Keywords: Pathosformel of aggression; Mithra’s tauroctony; San Clemente al Laterano; Images of racial violence.


 

 

 

 

Início do percurso: o olhar de Warburg

Este artigo é fruto de uma pesquisa que tem sido realizada desde 2017 em busca das fontes iconográficas de Aby Warburg (1866-1929), muito especialmente aquelas do Atlas Mnemosyne (2012), obra desenvolvida pelo historiador alemão e seus colaboradores entre 1924 e 1929[2]. Dentre os aspectos que mais chamam a atenção às centenas de pesquisadores que se debruçam sobre essa obra fundamental está a potencialidade heurística de suas pranchas, com suas montagens de imagens em permanente interrogação e abertura. No Atlas, as imagens estão quase sempre retiradas de seus contextos, e Warburg e equipe realizaram uma “remontagem problematizada dos materiais acumulados durante trinta anos de investigações” (Didi-Huberman, 2013a, p. 227).

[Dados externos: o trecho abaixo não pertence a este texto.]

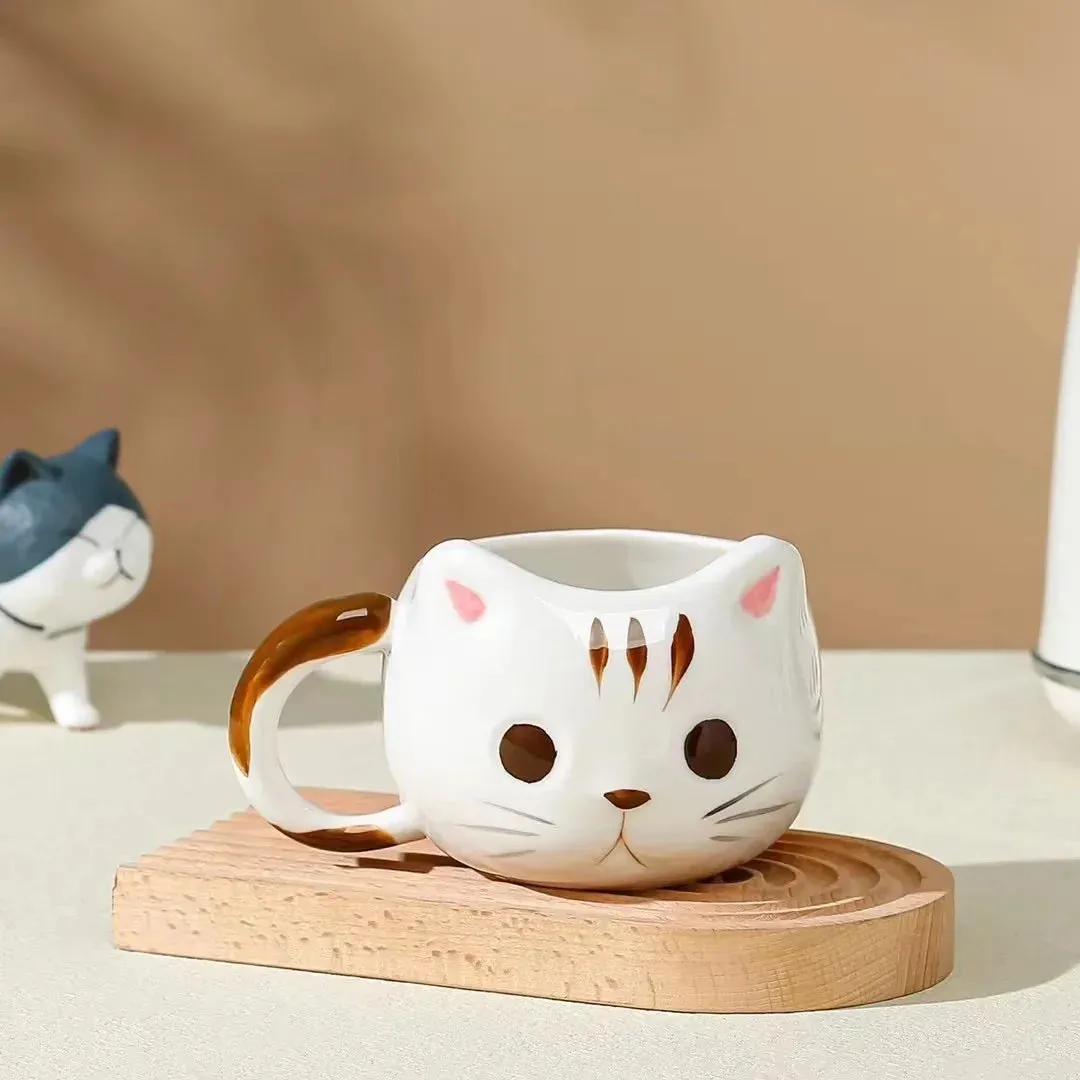 Cute Cat Ceramic Mugs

Ainda em andamento, minha pesquisa busca um contato direto com algumas das obras reproduzidas no Atlas, contemplando-as em seu ambiente original, com o intuito de me aproximar e compreender o olhar de Warburg como historiador de arte.

No início da pesquisa, num dos meus primeiros destinos, ao visitar a igreja de Santa Maria Novella, em Florença, questionei-me: como Warburg viu a ninfa canéfora de Domenico Ghirlandaio (1449-1494), a 10 metros de altura, em meio a centenas de figuras do complexo da Capela Tornabuoni? Uma pista fundamental estava nos escritos do próprio pesquisador alemão, em Ninfa fiorentina: Fragmentos de um projeto sobre Ninfas (Warburg, 2015), datado originalmente de 1901. O projeto – inacabado – consistia inicialmente numa troca de cartas fictícia entre Warburg e seu amigo historiador da arte e linguista holandês Andre Jolles (1427-1497). Este confessava estar enamorado da ninfa no afresco de Ghirlandaio, ao que Warburg respondia, dentre esclarecimentos acerca da identidade da “donzela” no contexto do patrocínio do ciclo dos afrescos pelo mercador e banqueiro florentino Giovanni Tornabuoni (1874-1946). Recortamos aqui um trecho elucidativo:

Se te encanta segui-la no platônico e amoroso enlevo como uma ideia alada através de todas as esferas, a mim ela obriga-me a baixar o olhar filológico para o chão, de que se alçou, e a perguntar com assombro: terá, então, realmente esta rara e graciosa planta raízes no sóbrio solo florentino? (Warburg, 2015, p. 10).

 

Warburg aponta para o “eixo central” de suas pesquisas: “o tema da influência da antiguidade” (2018, p. 48). Mas o que ele quer dizer com olhar filológico? A vinculação de Warburg com a filologia o aproximaria de estudiosos alemães e italianos, e é hoje uma forte vertente de estudos, especialmente na Itália.[3]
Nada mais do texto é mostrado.